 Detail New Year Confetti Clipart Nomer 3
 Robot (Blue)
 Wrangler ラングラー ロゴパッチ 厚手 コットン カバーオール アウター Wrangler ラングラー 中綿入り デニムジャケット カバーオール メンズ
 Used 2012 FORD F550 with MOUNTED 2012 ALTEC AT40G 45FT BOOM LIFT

==*==

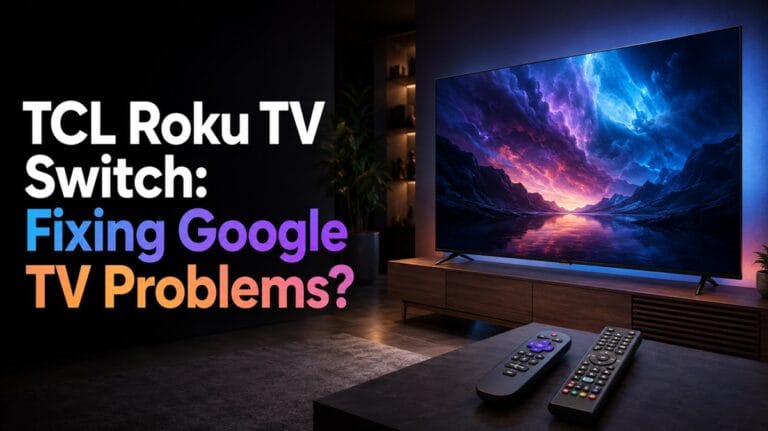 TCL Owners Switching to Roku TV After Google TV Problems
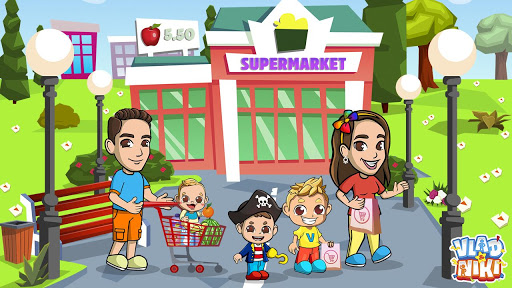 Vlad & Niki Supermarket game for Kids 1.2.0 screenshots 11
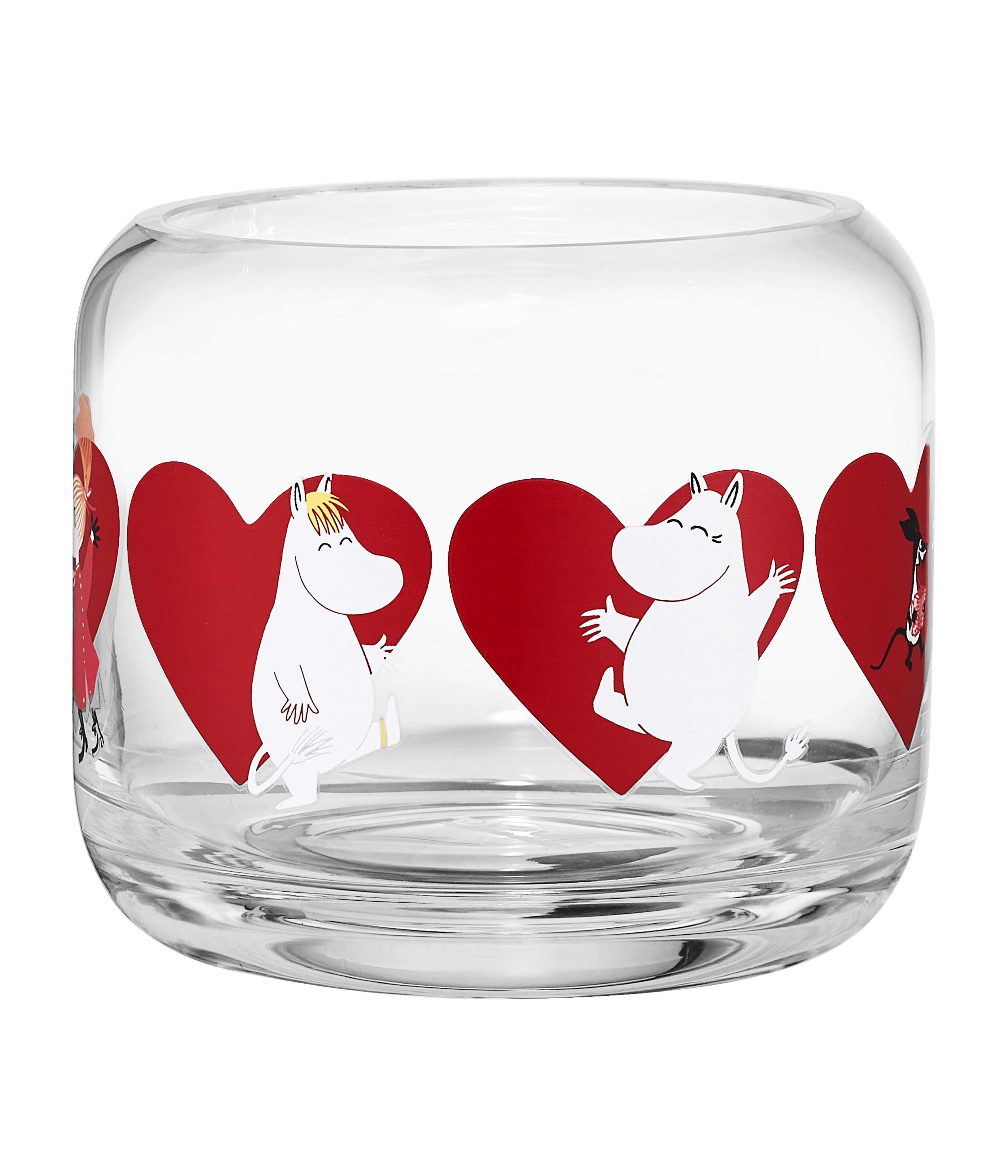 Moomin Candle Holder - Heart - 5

==*==

TO DO:
Reproduce exactly, with no pictures, the lines above from the one holding "Vlad & Niki" to the one holding "Moomin Candle Holder - Heart - 5", inclusive.

EXPECTED ANSWER:
 Vlad & Niki Supermarket game for Kids 1.2.0 screenshots 11
 Moomin Candle Holder - Heart - 5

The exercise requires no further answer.